Your goal: With the pictures left out, copy the listing below exactly.

Collected data:
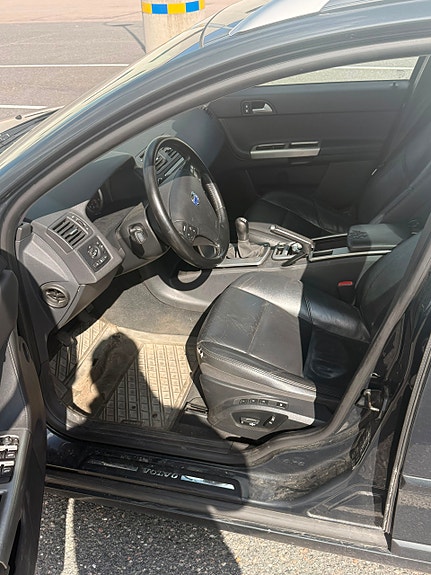 Volvo V50 5 of 11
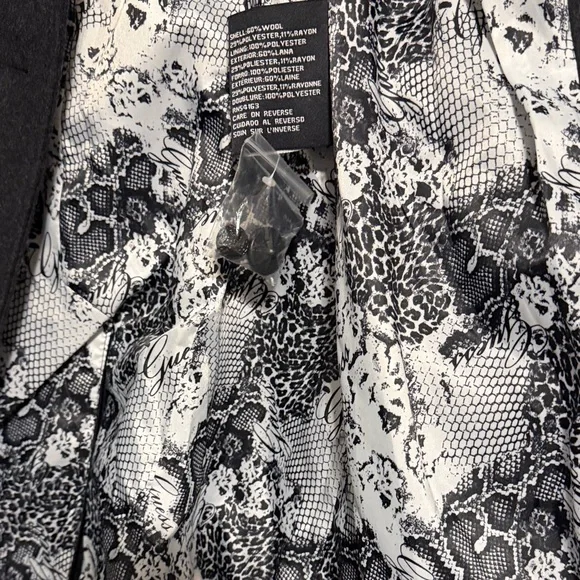 GUESS Black Charcoal Double-Breasted Belted Trench Coat - Picture 5 of 8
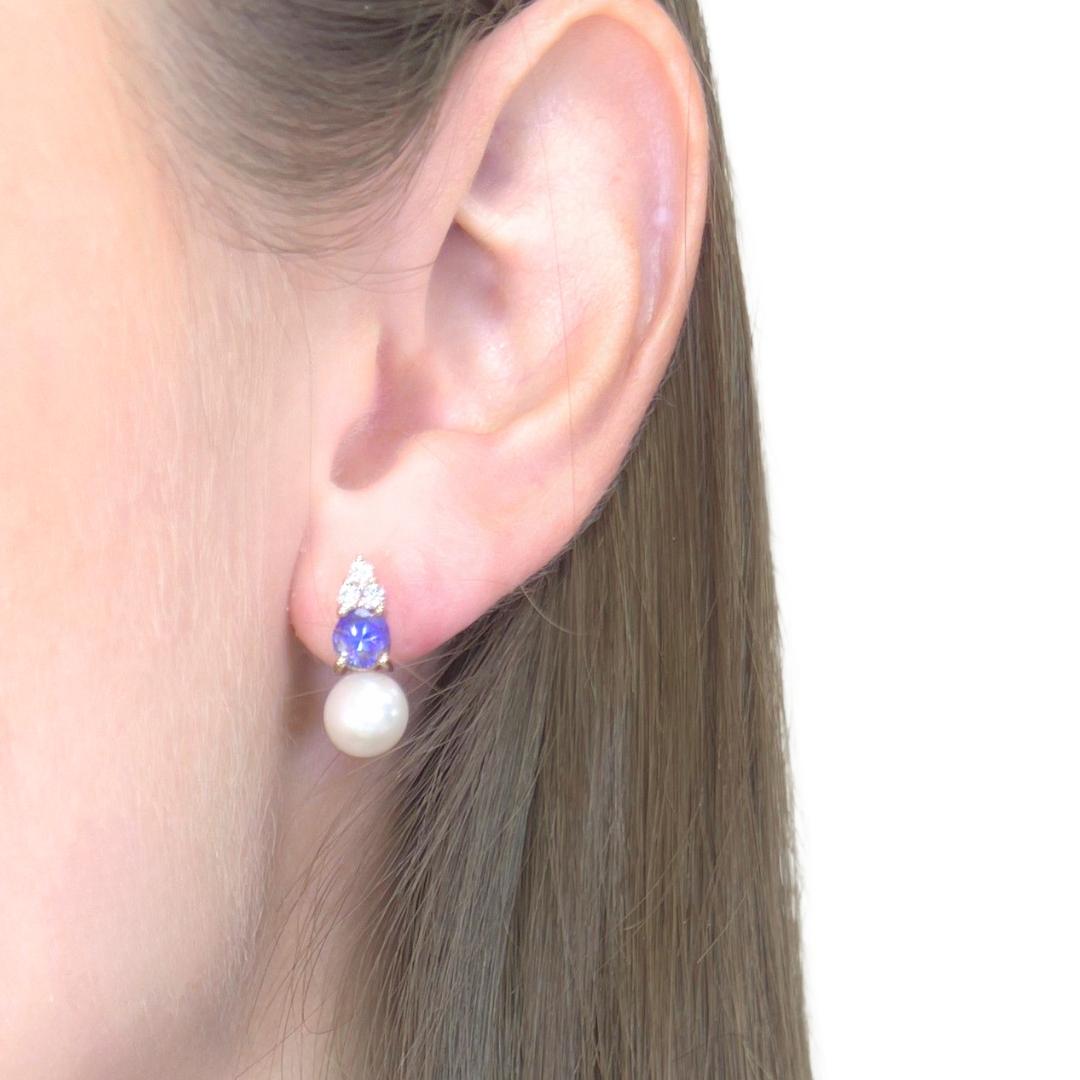 Eleganza: 7,14 carati di perle coltivate d'acqua dolce, tanzaniti e diamanti in oro rosa 18 carati - Certificato IGI

Questi graziosi orecchini in oro rosa 18 carati presentano due luminose perle coltivate d'acqua dolce con un totale di 5,82 carati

Answer for the task:
 Volvo V50 5 of 11
 GUESS Black Charcoal Double-Breasted Belted Trench Coat - Picture 5 of 8
 Eleganza: 7,14 carati di perle coltivate d'acqua dolce, tanzaniti e diamanti in oro rosa 18 carati - Certificato IGI

Questi graziosi orecchini in oro rosa 18 carati presentano due luminose perle coltivate d'acqua dolce con un totale di 5,82 carati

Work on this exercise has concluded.